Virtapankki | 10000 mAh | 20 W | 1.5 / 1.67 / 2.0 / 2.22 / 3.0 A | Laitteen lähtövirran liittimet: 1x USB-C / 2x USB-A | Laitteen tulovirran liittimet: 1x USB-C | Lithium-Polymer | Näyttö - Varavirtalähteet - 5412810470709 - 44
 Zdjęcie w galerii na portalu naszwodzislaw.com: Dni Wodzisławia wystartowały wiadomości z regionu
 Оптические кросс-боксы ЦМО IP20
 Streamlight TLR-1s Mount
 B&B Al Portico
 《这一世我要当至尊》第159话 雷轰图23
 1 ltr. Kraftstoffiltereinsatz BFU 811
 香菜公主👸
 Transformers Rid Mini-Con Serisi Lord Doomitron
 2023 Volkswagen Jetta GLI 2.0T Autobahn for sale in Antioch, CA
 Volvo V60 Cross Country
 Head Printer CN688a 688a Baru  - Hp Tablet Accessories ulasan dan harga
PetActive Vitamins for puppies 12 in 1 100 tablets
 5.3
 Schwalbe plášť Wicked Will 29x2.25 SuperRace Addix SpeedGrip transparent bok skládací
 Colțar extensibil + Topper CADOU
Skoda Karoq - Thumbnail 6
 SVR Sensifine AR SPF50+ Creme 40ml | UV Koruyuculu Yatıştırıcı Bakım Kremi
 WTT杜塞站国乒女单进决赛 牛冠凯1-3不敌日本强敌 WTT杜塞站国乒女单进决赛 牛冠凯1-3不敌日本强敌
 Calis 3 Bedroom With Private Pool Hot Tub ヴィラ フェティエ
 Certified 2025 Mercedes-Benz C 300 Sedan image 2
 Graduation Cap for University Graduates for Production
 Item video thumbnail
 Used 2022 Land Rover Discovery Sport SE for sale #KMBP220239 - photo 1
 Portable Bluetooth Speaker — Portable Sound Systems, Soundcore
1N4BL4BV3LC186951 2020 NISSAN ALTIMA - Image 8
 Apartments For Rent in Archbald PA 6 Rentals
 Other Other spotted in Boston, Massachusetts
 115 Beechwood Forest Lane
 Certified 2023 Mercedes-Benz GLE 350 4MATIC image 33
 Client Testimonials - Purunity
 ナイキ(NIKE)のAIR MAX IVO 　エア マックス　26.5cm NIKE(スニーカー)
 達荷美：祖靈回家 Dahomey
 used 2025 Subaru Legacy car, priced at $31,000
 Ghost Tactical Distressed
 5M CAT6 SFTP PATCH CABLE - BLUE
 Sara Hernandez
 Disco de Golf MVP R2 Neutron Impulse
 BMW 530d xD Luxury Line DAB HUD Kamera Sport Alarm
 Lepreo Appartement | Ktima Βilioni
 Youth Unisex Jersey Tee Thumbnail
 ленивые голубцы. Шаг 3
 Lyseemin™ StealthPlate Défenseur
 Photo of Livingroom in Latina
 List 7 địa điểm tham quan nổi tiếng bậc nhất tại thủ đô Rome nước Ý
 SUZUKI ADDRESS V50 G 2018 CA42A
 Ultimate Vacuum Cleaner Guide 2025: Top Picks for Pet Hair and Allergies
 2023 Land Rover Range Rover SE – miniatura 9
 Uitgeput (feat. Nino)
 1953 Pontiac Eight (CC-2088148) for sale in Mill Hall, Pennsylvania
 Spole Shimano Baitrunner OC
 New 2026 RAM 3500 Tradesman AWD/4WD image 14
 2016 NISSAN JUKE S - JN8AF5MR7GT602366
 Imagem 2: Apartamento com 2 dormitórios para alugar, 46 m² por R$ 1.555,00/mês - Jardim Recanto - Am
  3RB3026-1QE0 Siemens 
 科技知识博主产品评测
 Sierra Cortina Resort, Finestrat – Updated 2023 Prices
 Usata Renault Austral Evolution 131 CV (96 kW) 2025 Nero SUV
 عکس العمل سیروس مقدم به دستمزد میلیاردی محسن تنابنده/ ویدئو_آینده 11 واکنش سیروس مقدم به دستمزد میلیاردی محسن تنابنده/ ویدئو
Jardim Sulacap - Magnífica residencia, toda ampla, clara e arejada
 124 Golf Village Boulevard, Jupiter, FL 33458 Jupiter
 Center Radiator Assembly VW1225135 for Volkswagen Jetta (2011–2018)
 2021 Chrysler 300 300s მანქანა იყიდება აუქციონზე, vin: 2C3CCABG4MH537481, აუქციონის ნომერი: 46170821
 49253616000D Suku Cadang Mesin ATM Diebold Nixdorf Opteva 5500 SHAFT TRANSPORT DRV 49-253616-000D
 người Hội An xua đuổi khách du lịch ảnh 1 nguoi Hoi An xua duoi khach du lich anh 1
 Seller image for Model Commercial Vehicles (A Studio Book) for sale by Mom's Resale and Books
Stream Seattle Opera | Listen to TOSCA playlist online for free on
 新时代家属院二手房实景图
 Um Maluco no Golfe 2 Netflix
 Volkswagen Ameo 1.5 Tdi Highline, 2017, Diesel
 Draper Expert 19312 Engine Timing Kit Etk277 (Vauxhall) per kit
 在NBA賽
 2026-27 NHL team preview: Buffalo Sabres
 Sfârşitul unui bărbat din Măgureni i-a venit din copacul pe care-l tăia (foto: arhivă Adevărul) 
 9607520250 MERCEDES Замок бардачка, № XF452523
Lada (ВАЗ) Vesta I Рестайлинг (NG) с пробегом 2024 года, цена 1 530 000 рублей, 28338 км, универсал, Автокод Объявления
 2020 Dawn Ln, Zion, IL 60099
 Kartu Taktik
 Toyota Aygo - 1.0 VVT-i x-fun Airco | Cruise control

◆ ◆ ◆ ◆

- _Instructions for the task_
Print each line, exactly as written, from the one that contains "Kartu Taktik" to the end of the data above, with both end lines included and nothing else.

- _Answer area_
 Kartu Taktik
 Toyota Aygo - 1.0 VVT-i x-fun Airco | Cruise control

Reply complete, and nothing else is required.